The illiterate SDGOP spin blog is back to appealing to the Cost of Living Fairy to justify South Dakota’s low teacher pay.

In January 2016, when Governor Dennis Daugaard came out in support of a half-penny sales tax to raise South Dakota teacher pay from last in the nation to something closer to competitive with surrounding states, he dismissed cost of living as an excuse for our perennially low pay:

The bad news is: the gap is getting worse. We compete with our surrounding states for teachers, and we are falling farther behind them. Ten years ago South Dakota’s average teacher salary was about $2000 a year behind North Dakota. We were 51st in teacher pay and they were 49th. Montana was 47th and Nebraska was 42nd.

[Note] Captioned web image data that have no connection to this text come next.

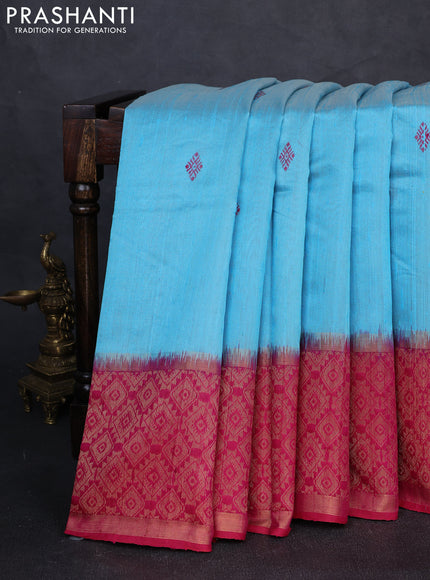 Pure dupion silk saree light blue and pink with thread woven buttas and long zari woven border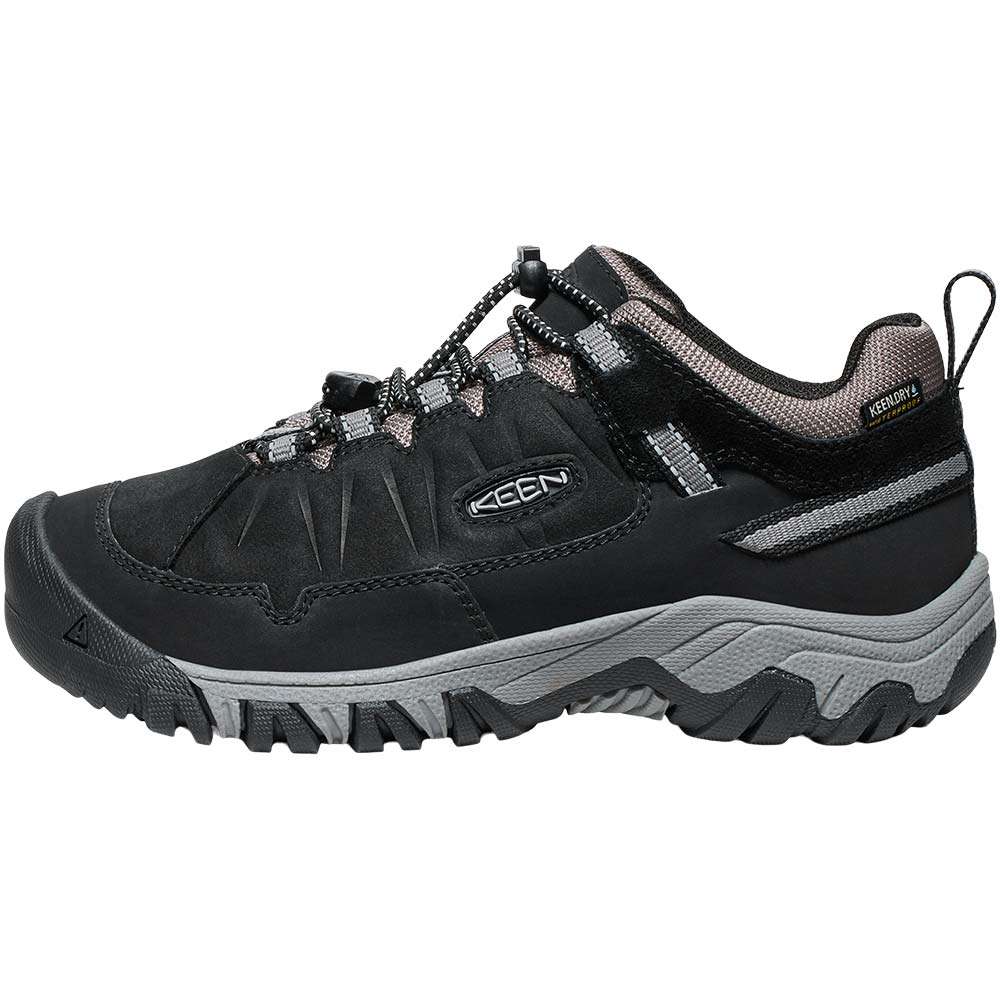 KEEN Targhee IV Big Kids Wp Hiking - Boys Black Steel Grey Back View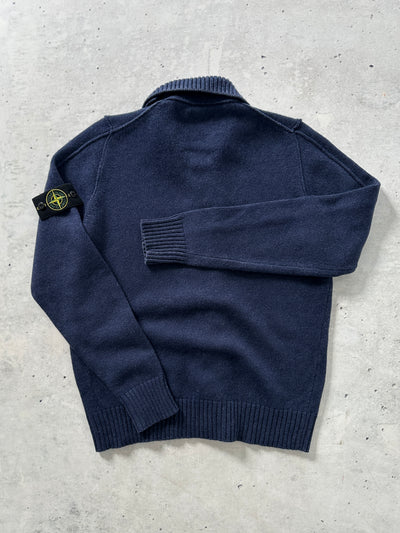 AW/13 Stone Island Chunky Wool Knit Zip Up Jumper (L)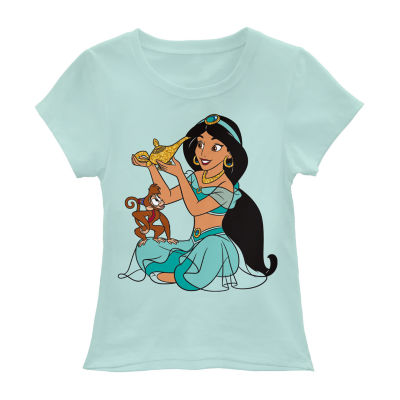 Disney Store Girls T-Shirt & Skirt Set Jasmine Aladdin Gold Dress Skirt Princess 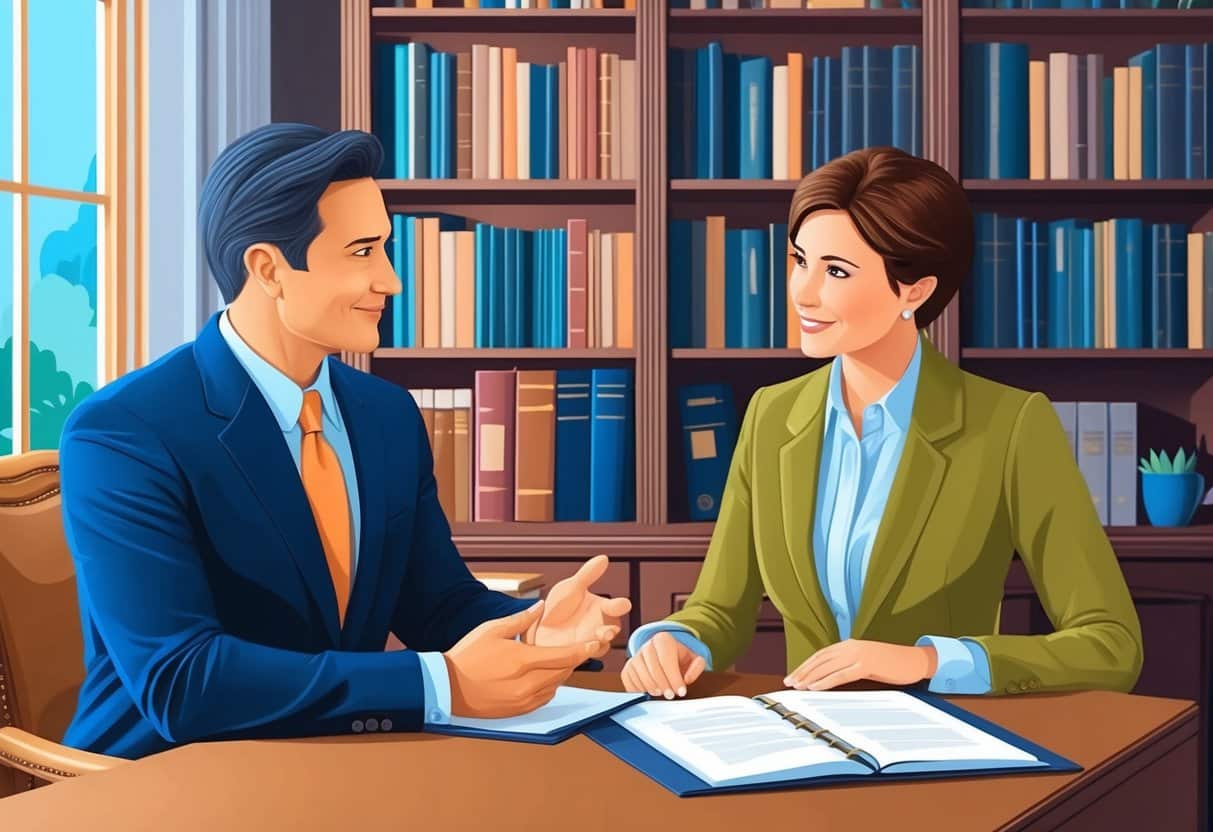A lawyer sits at a desk, explaining the difference between a will and a trust to a client in a cozy, book-lined office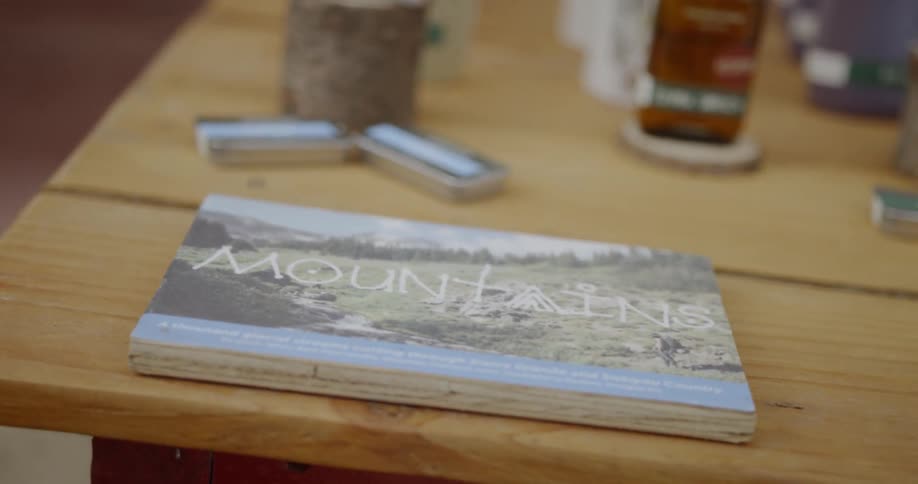 A book sits on a wood table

Today we are still closest to North Dakota among our surrounding states, but the gap is not $2000. It is $8000. We still rank 51st. North Dakota has moved to 36th. Montana to 28th. Nebraska 32nd.

And even when you adjust for cost of living, South Dakota falls behind our surrounding states. We are closest to North Dakota, but nearly $6000 behind. After adjusting for cost of living, South Dakota is nearly $10,000 behind Minnesota.

If South Dakota wants to maintain high student achievement, we need a new generation of high quality teachers. And we’re not going to get them unless we become more competitive with surrounding states. And when you delve into the numbers you reach the conclusion that the only way to become more competitive is to increase our state’s average teacher salary… [Gov. Dennis Daugaard, State of the State Address, Pierre, SD, 2016.01.12].

Republican propaganda blog Dakota War College looks at a new USA Today analysis that finds South Dakota had the third-lowest teacher pay in May 2016 but the eleventh best “affordability” and makes silly conclusions:

USA Today/Argus Leader just released an article showing South Dakota smack in the middle of the pack of a comparison taking affordability to live alongside with teacher pay….

It appears that South Dakota’s recent bump in teacher pay as led by Republicans has done some good [Pat Powers, “South Dakota in Middle of Pack for Adjusted Teacher Pay,” Dakota War College, 2017.08.02].

Powers errs on multiple points:

  1. The salary data predates Governor Daugaard’s sales tax hike. USA Today cites Bureau of Labor Statistics data from May 2016. The sales tax hike took effect in June 2016.
  2. The BLS stats count 13,220 teachers in South Dakota. The South Dakota Department of Education counted 9,350 total classroom FTEs in the 2015–2016 school year. The Governor’s salary plan assumed about 9,000 teachers. The USA Today/BLS figures thus do not reflect the pre-plan pay of the employees targeted by the plan.
  3. USA Today reports and Powers calculates no “adjusted teacher pay.” It cites the above pay figures, then mentions a U.S. News and World Report “Affordability” ranking. That ranking does not offer percentages that we could use to accurately factor South Dakota’s raw-dollar pay into relative purchasing power compared to other states. So, for example, South Dakota is 11th for “Affordability” and Minnesota is 19th, but those numbers don’t tell us whether the cost-of-living difference between South Dakota and Minnesota is 2, 8, or 20 percentage points. Neither USA Today nor Dakota War College offer the serious calculations of relative purchasing power that I’ve performed time and time again to show that South Dakota needs to pay its teachers, construction workers, and pretty much everyone else more to compete with the standard of living workers enjoy in our neighboring states.
  4. The USNWR “Affordability” ranking is the smallest component of a more encompassing “Opportunity” ranking. Minnesota ranks 2nd. South Dakota ranks 25th. Every neighboring state but Montana (30th) outranks us on “Opportunity.”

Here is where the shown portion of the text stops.